-- Entries provided --
───

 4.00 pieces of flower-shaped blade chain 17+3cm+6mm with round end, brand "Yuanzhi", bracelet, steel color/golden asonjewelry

───

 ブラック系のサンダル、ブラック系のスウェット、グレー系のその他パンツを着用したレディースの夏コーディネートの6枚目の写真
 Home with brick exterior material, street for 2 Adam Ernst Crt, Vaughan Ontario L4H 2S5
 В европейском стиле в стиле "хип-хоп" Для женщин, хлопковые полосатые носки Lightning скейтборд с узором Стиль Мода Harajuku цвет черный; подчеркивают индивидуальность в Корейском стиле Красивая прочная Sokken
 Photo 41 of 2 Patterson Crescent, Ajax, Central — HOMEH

───

Output should match, line for line, the stretch of the material above from the line holding "В европейском стиле" through the line holding "Photo 41 of".

-- Answer for this exercise --
 В европейском стиле в стиле "хип-хоп" Для женщин, хлопковые полосатые носки Lightning скейтборд с узором Стиль Мода Harajuku цвет черный; подчеркивают индивидуальность в Корейском стиле Красивая прочная Sokken
 Photo 41 of 2 Patterson Crescent, Ajax, Central — HOMEH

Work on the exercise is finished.